Sospecho de ellas, y de las leyes que intentan definir lo que es legal o no decir del pasado. Entiendo el impulso tras esas leyes, especialmente en Alemania. Pero conducen a un lugar insostenible. Un país criminaliza un tipo de discusión y otro otro, y países más autoritarios criminalizarán distintos tipos de debate según esa lógica. En Rusia puedes cometer un delito por decir en internet algo equivocado sobre la Segunda Guerra Mundial. Pero las autoridades dicen: hacemos lo mismo que Occidente. Así que tomo una posición más bien anglosajona. Si quieres ganar el debate tienes que apoyar la historia y enseñarla. La convicción no debe venir de prohibir cosas.
Uno de sus libros más importantes es Tierras de sangre.
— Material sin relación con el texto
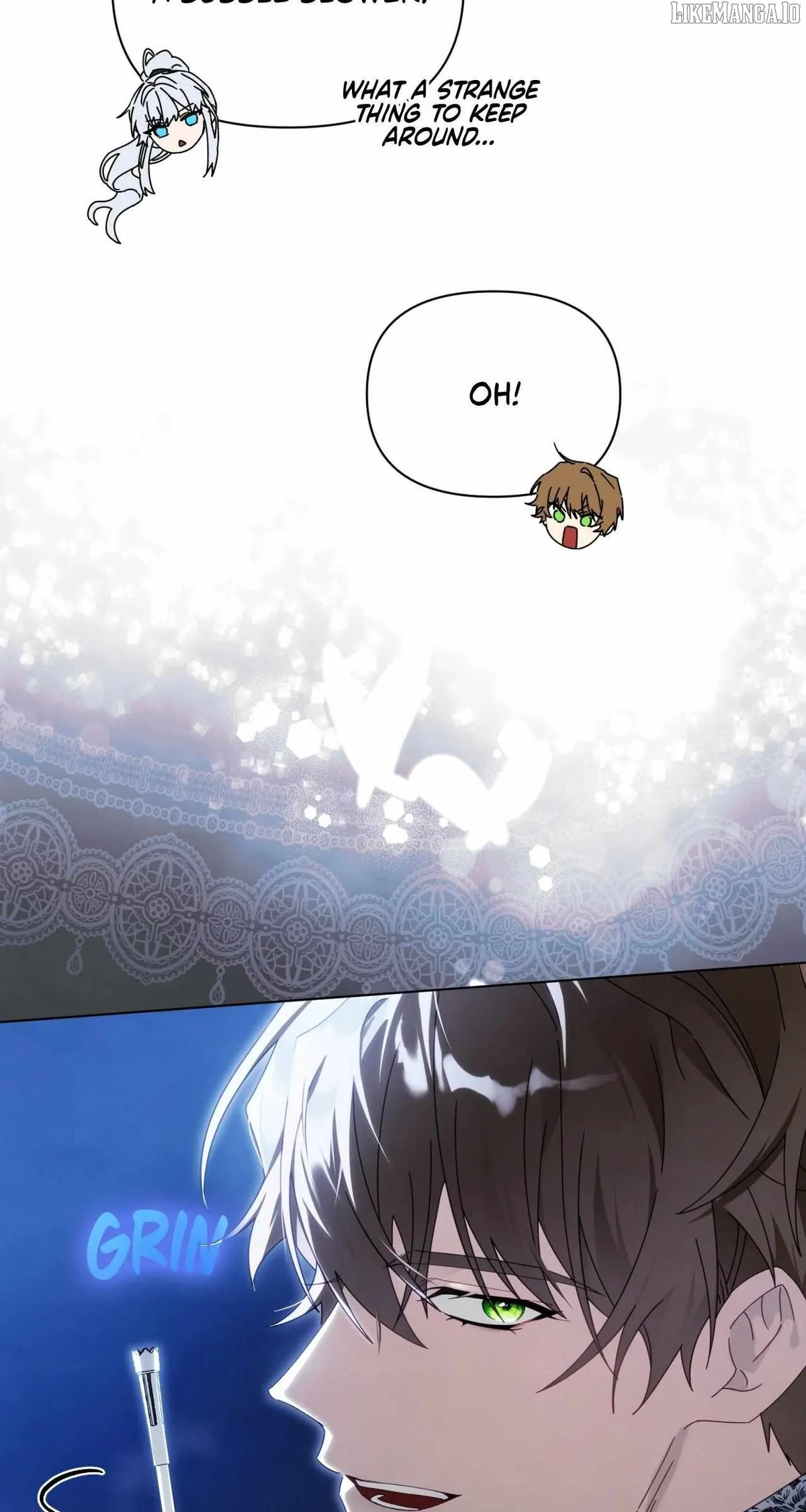 To the Witch Who Forgot the Bird Chapter 39 page 64 - 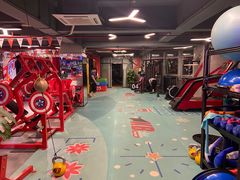 -KingBull私教健身&格斗订制(龙井商业中心店)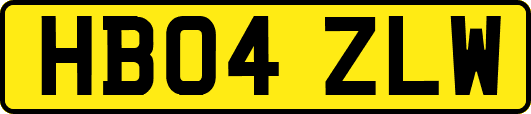 HB04ZLW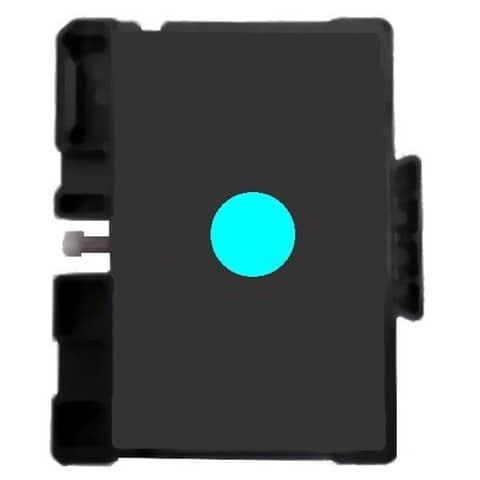 Ricoh GC41LC Low Capacity Toner Cyan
Soy un historiador de Europa del este. Me di cuenta de que había un gran asunto en el centro de mi campo del que nadie hablaba: el asesinato de catorce millones de personas en Europa a mediados del siglo XX. Se escribía de eso solo desde perspectivas parciales. Los que escribían del Holocausto no escribían de otros crímenes alemanes; y desde luego no de los crímenes soviéticos que ocurrieron más o menos en el mismo territorio más o menos a la vez. Y los que escribían de los crímenes soviéticos en Polonia, Bielorrusia, Rusia, Ucrania o Lituania no hablaban de otros crímenes. Yo quería empezar desde otro sitio, desde el territorio. Era la historia del sufrimiento de los individuos y quería preguntarme si los crímenes estaban relacionados, y a veces lo estaban, y si la Alemania nazi y la Unión Soviética interactuaban: a veces lo hicieron y a veces no. Es la historia que ahora llaman transnacional o espacial. Me preocupaban las naciones y los Estados, pero adoptaba la perspectiva de un territorio. El territorio es muy importante, es donde se producen el Holocausto y muchos asesinatos nazis, y donde se producen muchas masacres soviéticas también. Era otra manera de contar los asesinatos masivos.
Usted es historiador pero en los últimos años ha asumido un papel de intelectual público. ¿No le preocupa que una actividad pueda eclipsar a la otra?
Cuando escribo historia y doy clase, intento no pensar en el presente. Cuando escribo artículos o doy conferencias sobre la política actual, la historia es algo que me puede ayudar. Pero en esos casos no hago trabajo histórico. La clave es que son dos actividades diferentes, con reglas distintas, y el riesgo es quedarte en medio y no ser una cosa ni otra. ~
Daniel Gascón (Zaragoza, 1981) es escritor y editor de Letras Libres. Su libro más reciente es 'El padre de tus hijos' (Literatura Random House, 2023).